» Activity: How many of the lines in the material below contain the word "featuring"? Give the number alone.

*** Opening of Listed entries ***

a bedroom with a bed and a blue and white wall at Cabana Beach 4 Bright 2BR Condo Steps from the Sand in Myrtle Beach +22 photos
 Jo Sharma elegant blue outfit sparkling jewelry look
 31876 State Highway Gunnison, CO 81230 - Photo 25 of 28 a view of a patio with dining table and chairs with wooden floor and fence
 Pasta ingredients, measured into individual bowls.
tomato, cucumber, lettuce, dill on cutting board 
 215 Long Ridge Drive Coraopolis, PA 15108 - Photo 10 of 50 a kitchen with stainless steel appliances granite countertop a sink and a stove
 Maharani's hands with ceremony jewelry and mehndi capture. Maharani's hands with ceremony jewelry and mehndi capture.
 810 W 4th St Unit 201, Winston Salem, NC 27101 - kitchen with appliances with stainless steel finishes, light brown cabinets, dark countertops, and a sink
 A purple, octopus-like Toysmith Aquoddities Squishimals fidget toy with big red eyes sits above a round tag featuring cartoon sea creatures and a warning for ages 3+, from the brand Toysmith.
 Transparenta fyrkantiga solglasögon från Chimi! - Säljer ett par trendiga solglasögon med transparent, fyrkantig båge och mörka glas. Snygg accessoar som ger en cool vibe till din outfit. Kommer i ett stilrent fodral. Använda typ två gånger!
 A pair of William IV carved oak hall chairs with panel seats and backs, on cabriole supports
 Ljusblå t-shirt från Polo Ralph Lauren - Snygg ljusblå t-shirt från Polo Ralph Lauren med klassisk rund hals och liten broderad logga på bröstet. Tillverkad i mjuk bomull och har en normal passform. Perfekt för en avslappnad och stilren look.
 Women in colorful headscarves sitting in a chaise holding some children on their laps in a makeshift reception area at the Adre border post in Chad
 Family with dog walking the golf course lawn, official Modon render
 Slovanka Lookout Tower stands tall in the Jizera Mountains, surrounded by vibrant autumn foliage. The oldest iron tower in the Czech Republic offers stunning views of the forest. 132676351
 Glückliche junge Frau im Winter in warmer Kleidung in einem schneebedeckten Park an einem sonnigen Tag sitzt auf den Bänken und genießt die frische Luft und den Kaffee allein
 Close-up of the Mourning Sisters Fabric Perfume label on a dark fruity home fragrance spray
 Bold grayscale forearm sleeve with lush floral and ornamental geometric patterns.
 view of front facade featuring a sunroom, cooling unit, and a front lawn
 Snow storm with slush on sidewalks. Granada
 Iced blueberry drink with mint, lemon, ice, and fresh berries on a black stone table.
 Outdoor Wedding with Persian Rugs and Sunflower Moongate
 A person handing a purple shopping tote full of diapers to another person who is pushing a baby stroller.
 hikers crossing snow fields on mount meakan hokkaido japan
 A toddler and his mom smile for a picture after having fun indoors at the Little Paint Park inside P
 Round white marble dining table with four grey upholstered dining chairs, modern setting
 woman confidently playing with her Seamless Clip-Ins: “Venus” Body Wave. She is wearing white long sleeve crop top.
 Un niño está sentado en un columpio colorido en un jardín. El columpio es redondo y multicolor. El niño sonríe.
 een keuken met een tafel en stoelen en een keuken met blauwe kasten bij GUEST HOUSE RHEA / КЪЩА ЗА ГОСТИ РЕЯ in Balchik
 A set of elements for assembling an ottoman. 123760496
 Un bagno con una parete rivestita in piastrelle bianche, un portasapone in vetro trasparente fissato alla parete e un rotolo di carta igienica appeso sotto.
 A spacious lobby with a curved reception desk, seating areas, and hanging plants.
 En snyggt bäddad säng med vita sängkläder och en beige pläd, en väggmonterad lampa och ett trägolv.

*** Close of Listed entries ***

» Response to this task: 2